§ **Available data**:

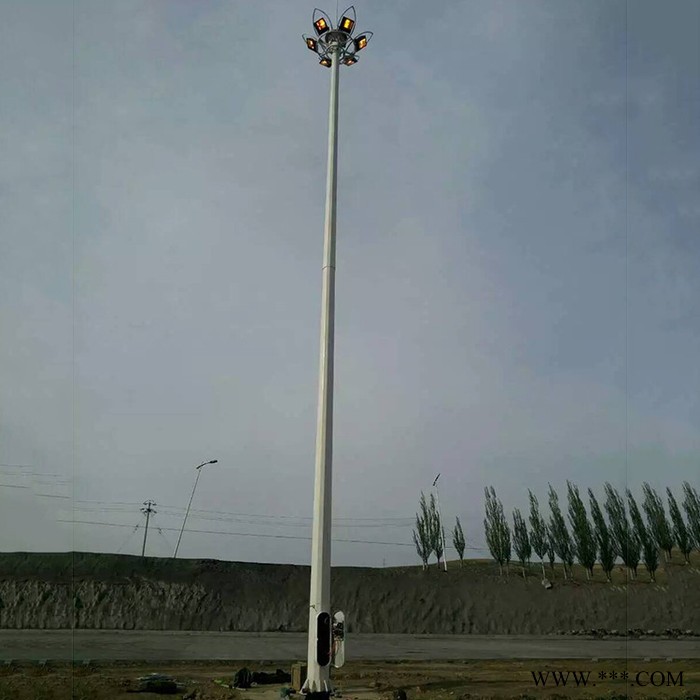 厂家供应投光灯塔 升降照明灯塔 固定投光灯塔图5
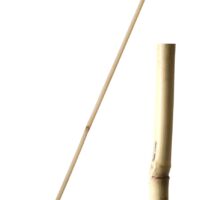 Tyč bambusová 240 cm tl. 22-24 mm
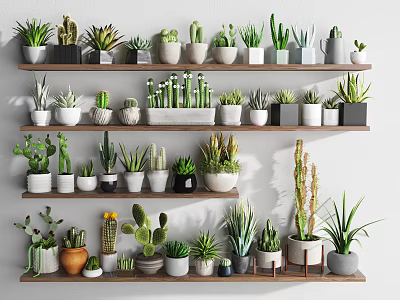 Different Types of Potted Bonsai and Succulent Plants on Indoor Wooden Shelves with Various Pots 3d model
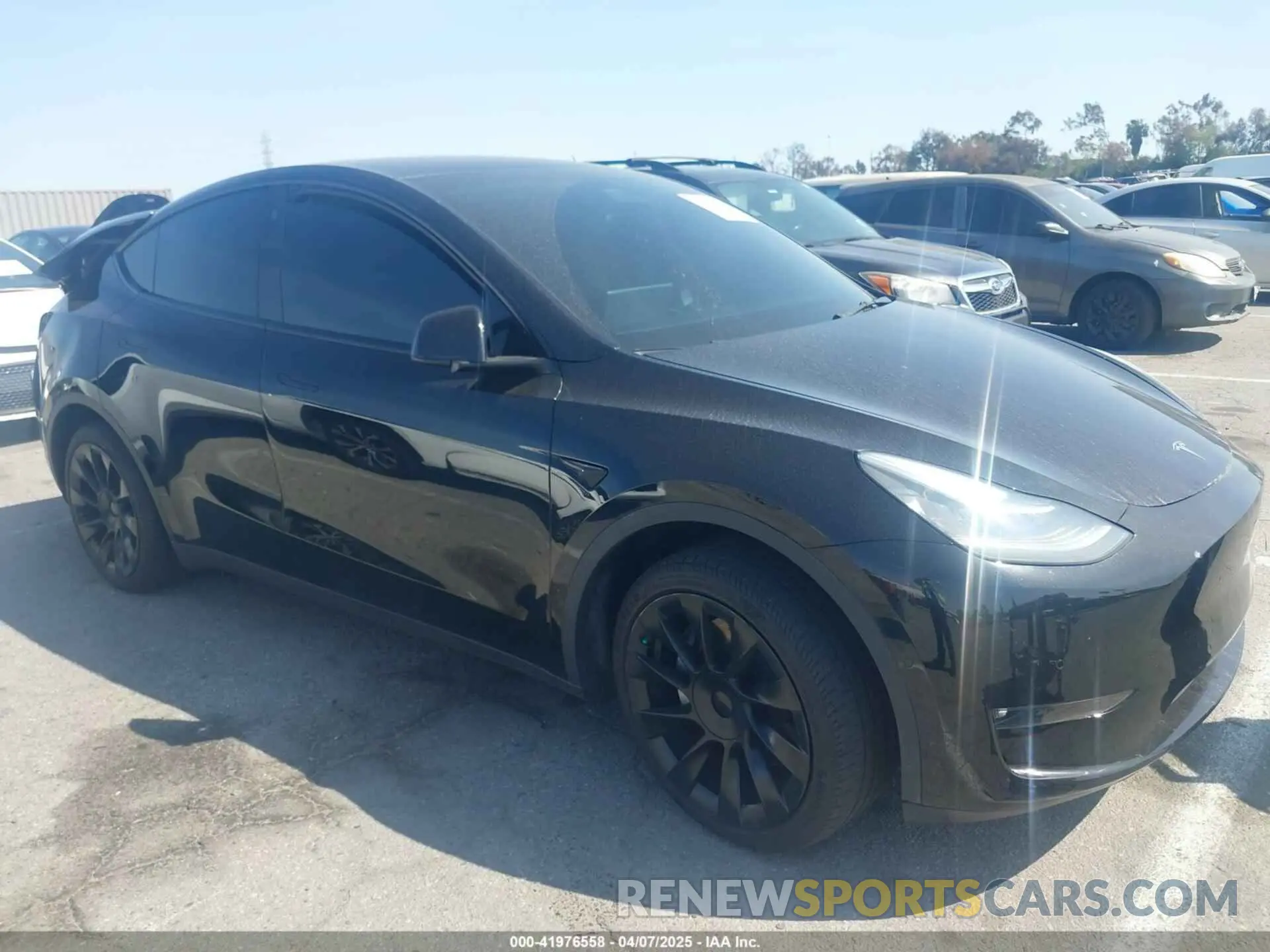 12 Photograph of a damaged car 5YJYGDEE0MF219252 TESLA MODEL Y 2021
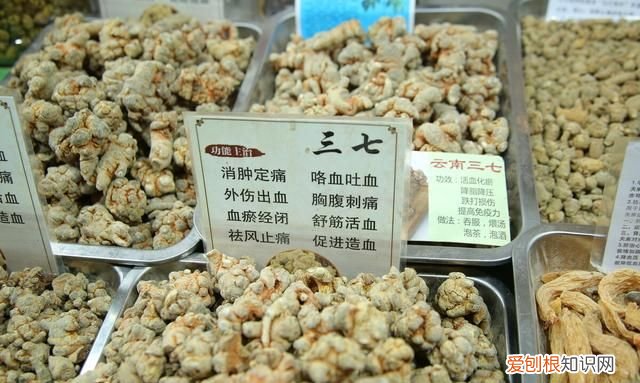 文山三七选购的方法你知道多少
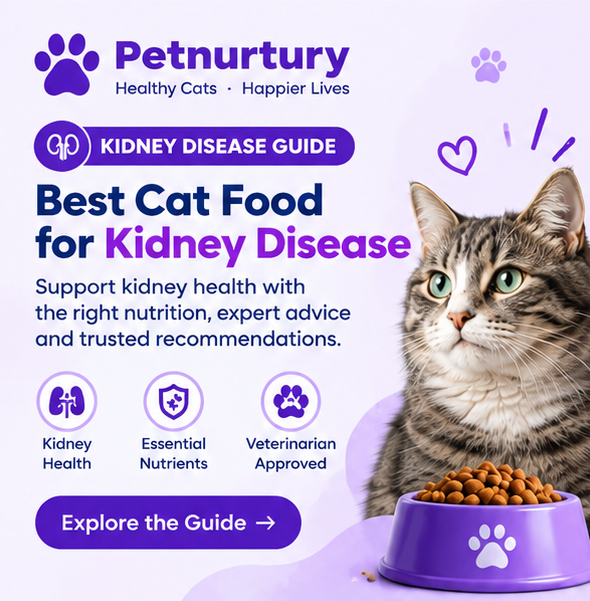 Petnurtury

§ **What you have to do**: From the first line to the last, copy the listing above exactly, dropping all images.

§ **Response**:
 厂家供应投光灯塔 升降照明灯塔 固定投光灯塔图5
 Tyč bambusová 240 cm tl. 22-24 mm
 Different Types of Potted Bonsai and Succulent Plants on Indoor Wooden Shelves with Various Pots 3d model
 12 Photograph of a damaged car 5YJYGDEE0MF219252 TESLA MODEL Y 2021
 文山三七选购的方法你知道多少
 Petnurtury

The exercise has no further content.